[flang-commits] [flang] 4d42e16 - [flang] runtime: fix problems with I/O around EOF & delimited characters

peter klausler via flang-commits flang-commits at lists.llvm.org
Fri Jul 23 18:48:02 PDT 2021


Author: peter klausler
Date: 2021-07-23T18:23:26-07:00
New Revision: 4d42e16eb8f7bb1484a1970324aa3391809188de

URL: https://github.com/llvm/llvm-project/commit/4d42e16eb8f7bb1484a1970324aa3391809188de
DIFF: https://github.com/llvm/llvm-project/commit/4d42e16eb8f7bb1484a1970324aa3391809188de.diff

LOG: [flang] runtime: fix problems with I/O around EOF & delimited characters

When a WRITE overwrites an endfile record, we need to forget
that there was an endfile record.  When doing a BACKSPACE
after an explicit ENDFILE statement, the position afterwards
must be upon the endfile record.

Attempts to join list-directed delimited character input across
record boundaries was due to a bad reading of the standard
and has been deleted, now that the requirements are better understood.
This problem would cause a read attempt past EOF if a delimited
character input value was at the end of a record.

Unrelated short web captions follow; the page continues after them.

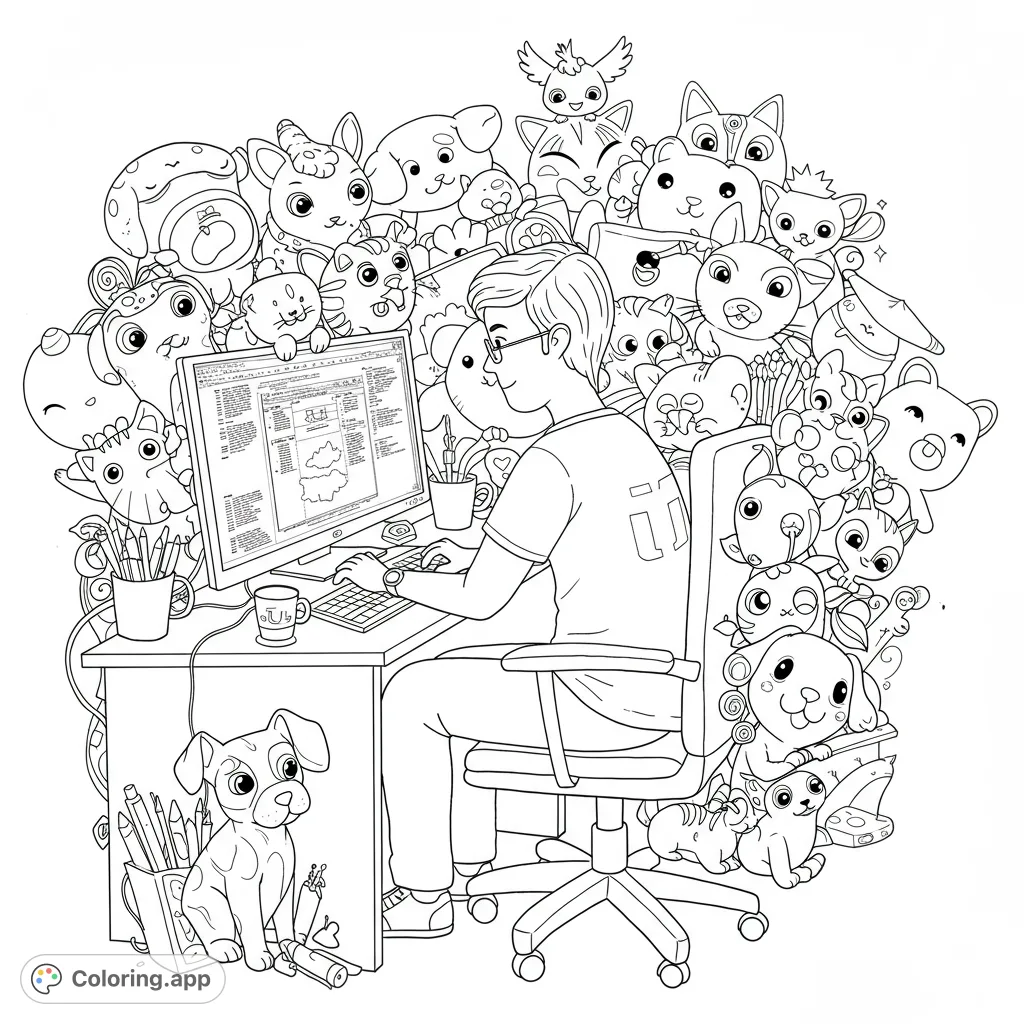 A detailed IT-themed coloring page featuring a coder at a desk surrounded by a whimsical array of cute, cartoon animals. Perfect for tech enthusiasts and animal lovers.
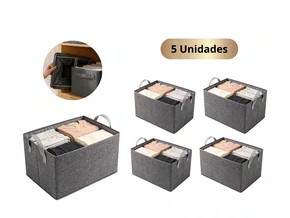 Kit 5 Cestos Organizadores De Tecido Cinza Dobrável Para Closet E Armário Lavável Multiuso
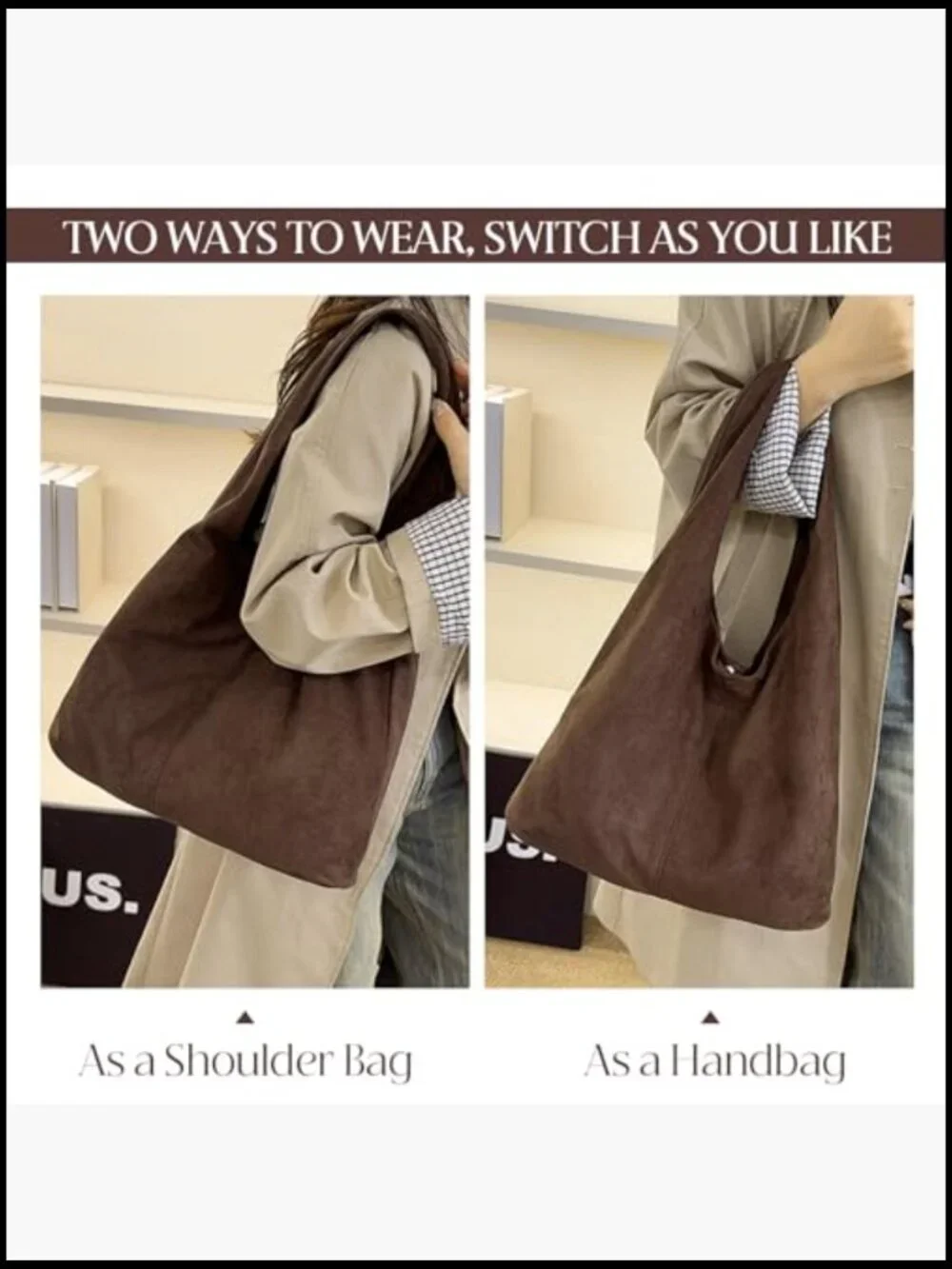Faux Suede Slouchy Crescent Hobo Bag Shoulder Purse Trendy Vegan Handbag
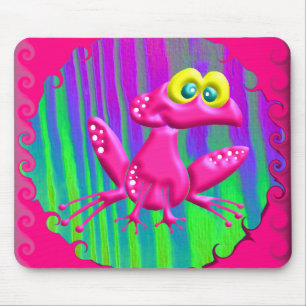 Funky Retro Peace Frog Mouse Mat
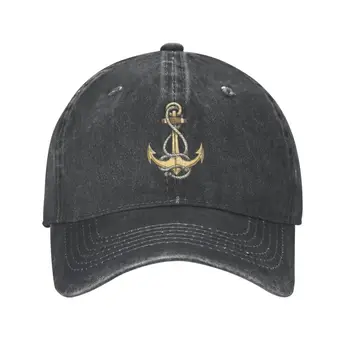 Бейсболка с морским якорем из хлопка в стиле панк для мужчин и женщин, Регулируемая шляпа для папы-моряка, представление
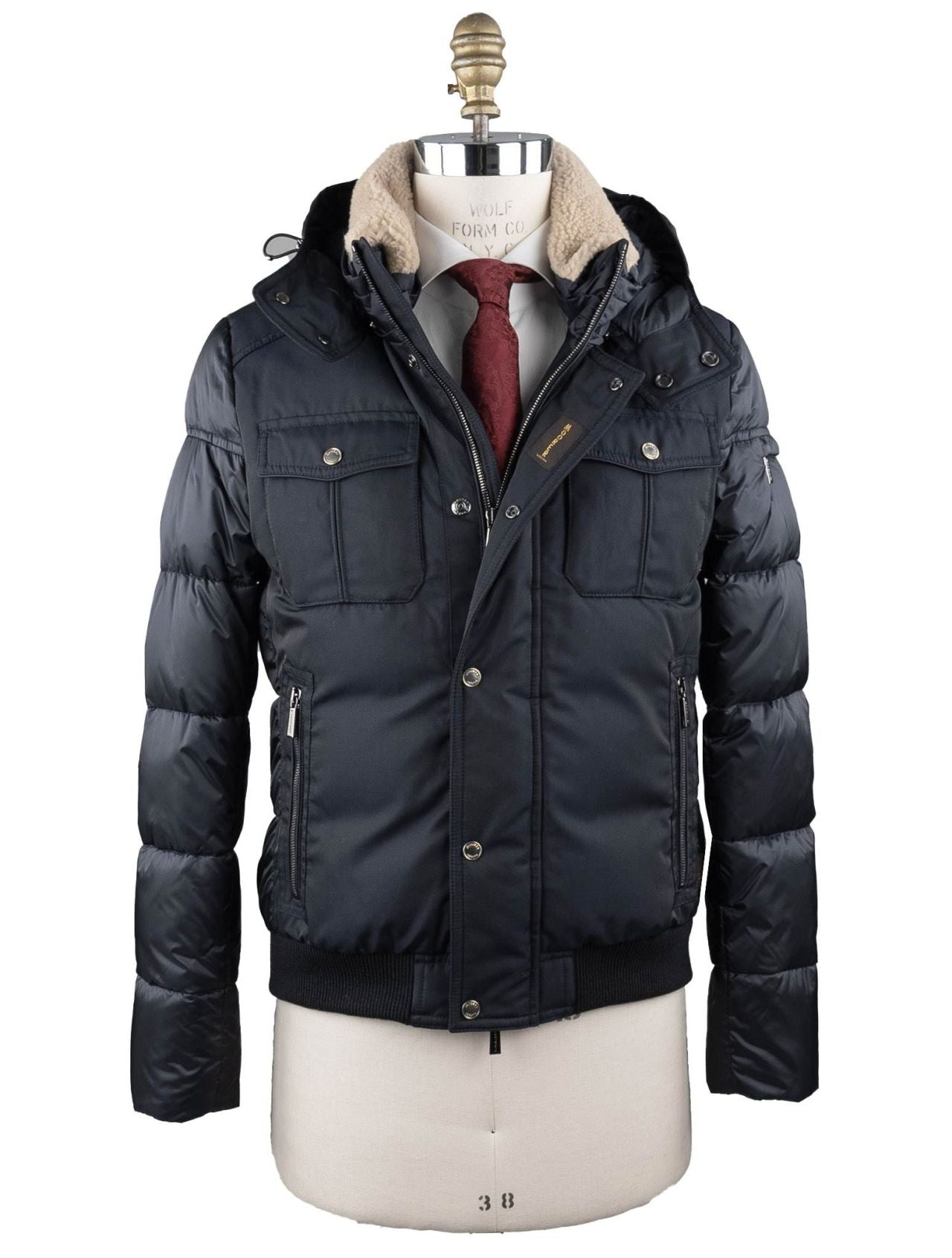 MooRER Blue Pl Cotton Pa Sheepskin Collar Coat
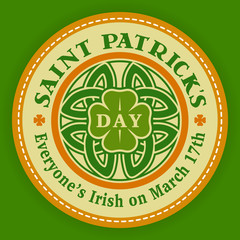 Wall Mural - Vector St Patrick day irish logo labels icon 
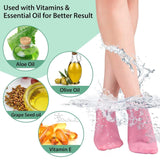 Silicone Moisturizing Socks Anti Slip Aloe Socks for Dry Cracked Feet Women (Pack of 2 Pair)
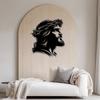 Silhouette Métallique Jésus Art Mural Décoration Chrétienne Religieuse avec Couronne d'Épines Croix Minimaliste Suspendue pour Salon Chambre à Coucher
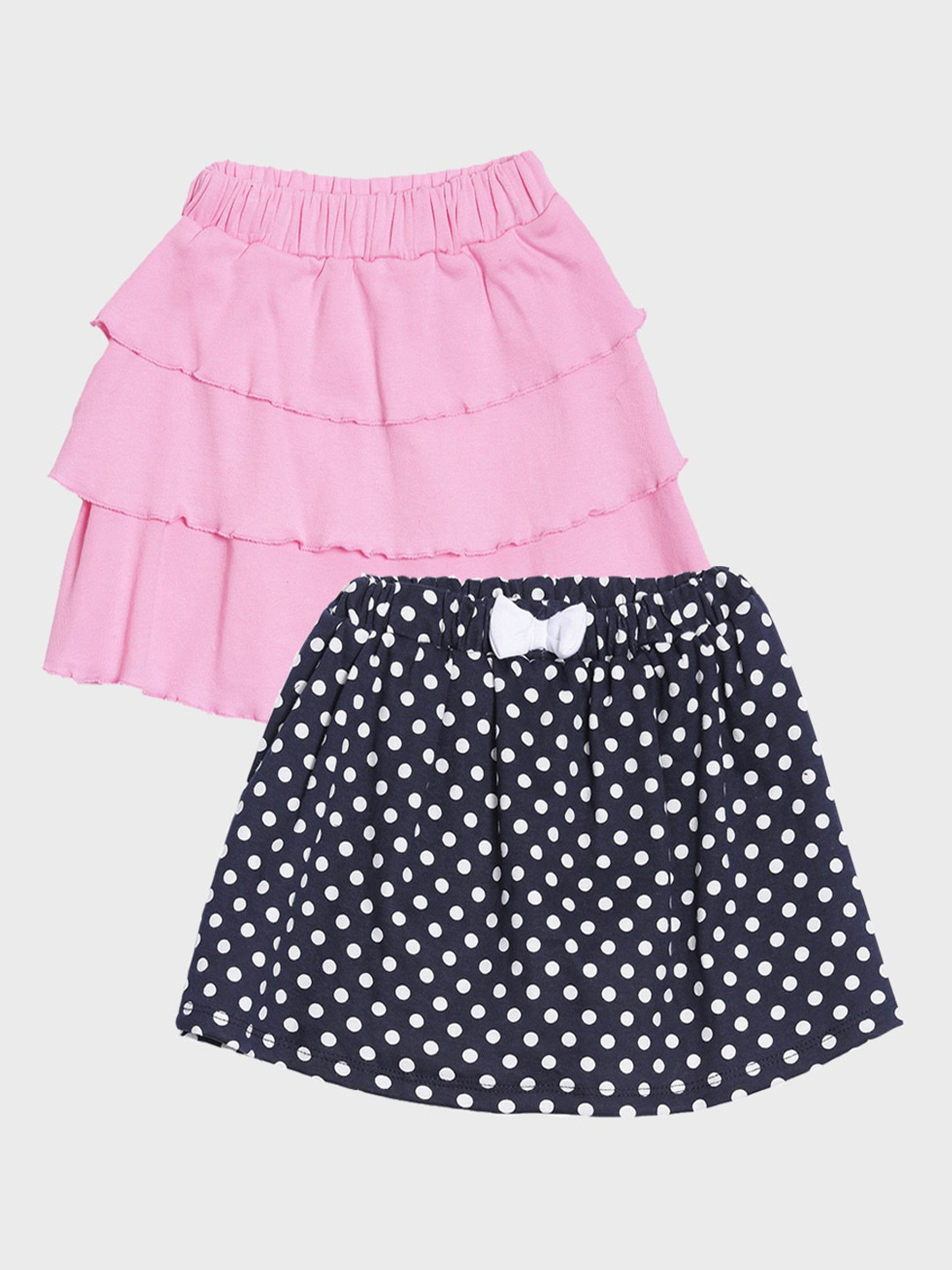 

Kryptic Girls Pack Of 2 Pink & Navy Blue Cotton Knee Length Flared Skirts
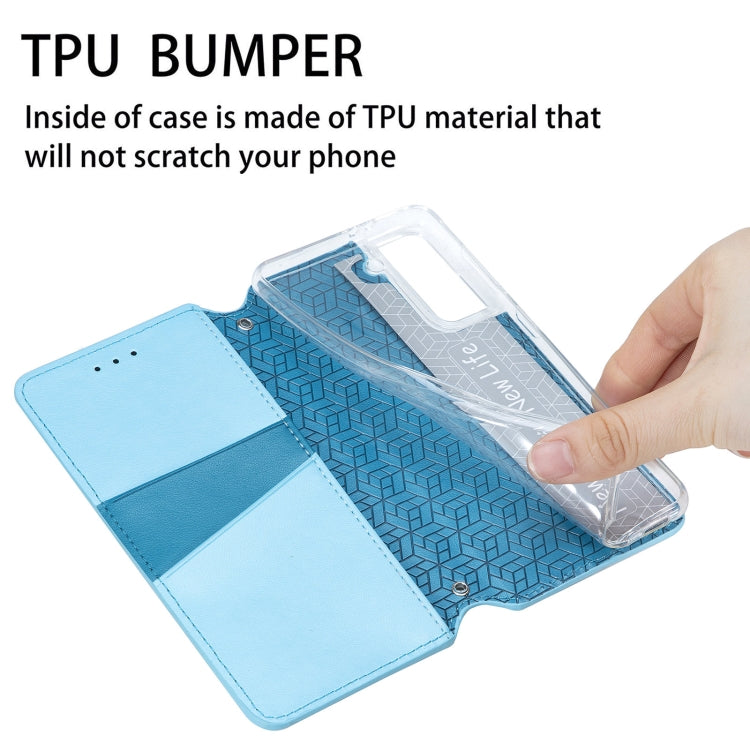 For Samsung Galaxy S22 5G Blooming Mandala Embossed Magnetic Horizontal Flip Leather Case with Holder & Card Slots & Wallet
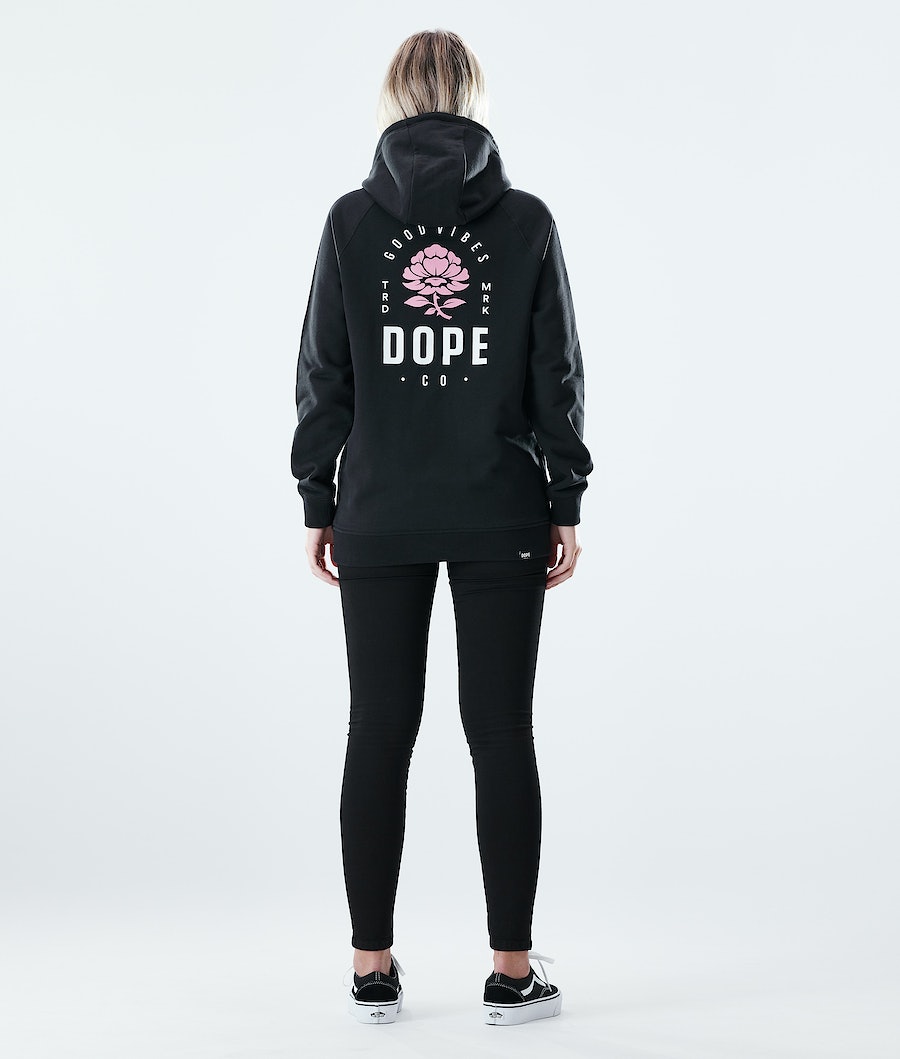 Dope Regular Rose Hoodie Damen Schwarz | 302-SWMCXT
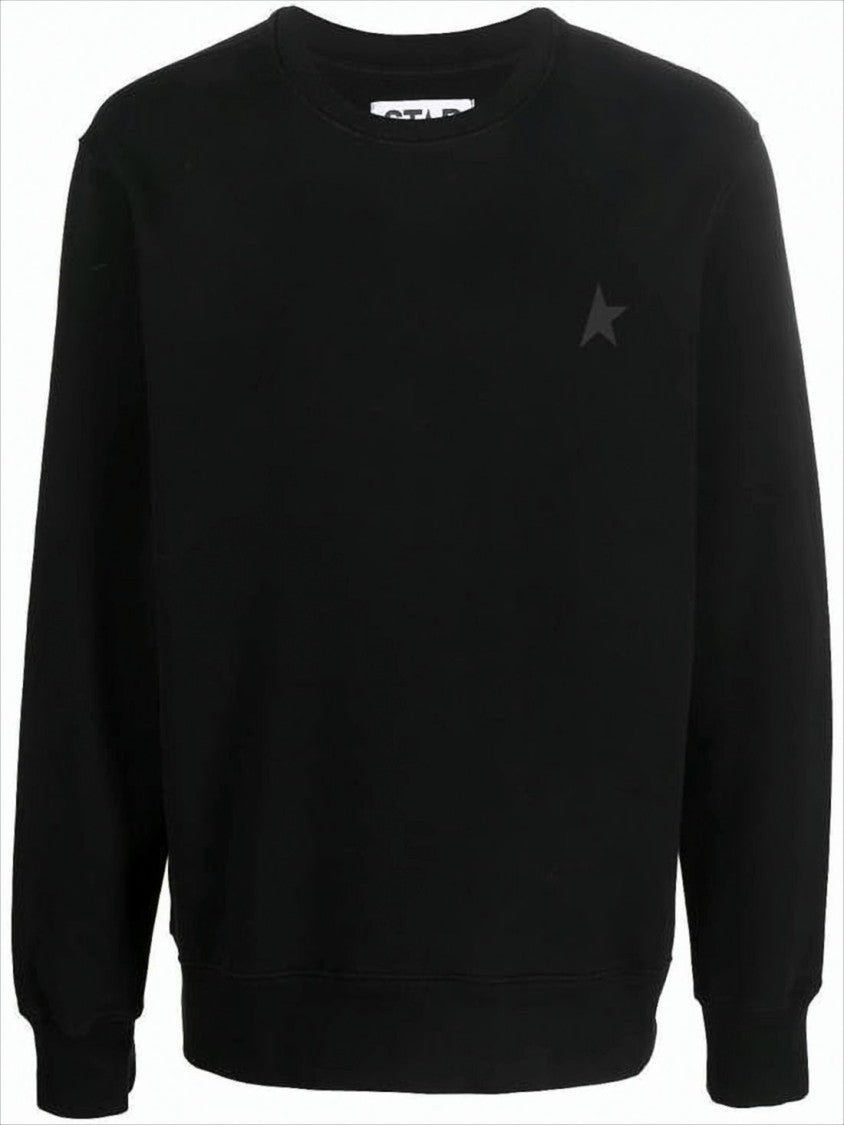 Minimalist Black Long-Sleeve Sweatshirt With Subtle Star Emblem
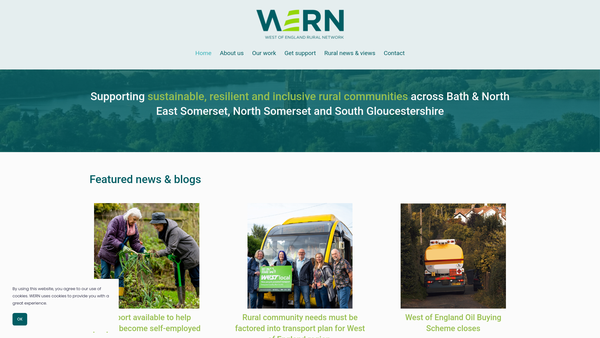 Screenshot of the West Of England Rural Network website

It turns out that delimited list-directed (and NAMELIST) character
output is required to emit contiguous doubled instances of the
delimiter character when it appears in the output value.  When
fixed-size records are being emitted, as is the case with internal
output, this is not possible when the problematic character falls
on the last position of a record.  No two other Fortran compilers
do the same thing in this situation so there is no good precedent
to follow.

Because it seems least wrong, with this patch we now emit one copy
of the delimiter as the last character of the current record and
another as the first character of the next record.  (The
second-least-wrong alternative might be to flag a runtime error,
but that seems harsh since it's not an explicit error in the standard,
and the output may not have to be usable later as input anyway.)
Consequently, the output is not suitable for use as list-directed or
NAMELIST input.

If a later standard were to clarify this case, this behavior will of
course change as needed to conform.

Differential Revision: https://reviews.llvm.org/D106695

Added: 
    

Modified: 
    flang/docs/Extensions.md
    flang/runtime/edit-input.cpp
    flang/runtime/edit-output.cpp
    flang/runtime/unit.cpp
    flang/unittests/RuntimeGTest/Namelist.cpp

Removed: 
    


################################################################################
diff  --git a/flang/docs/Extensions.md b/flang/docs/Extensions.md
index e55be8b1bc948..49295ae430bd9 100644
--- a/flang/docs/Extensions.md
+++ b/flang/docs/Extensions.md
@@ -35,6 +35,29 @@ accepted if enabled by command-line options.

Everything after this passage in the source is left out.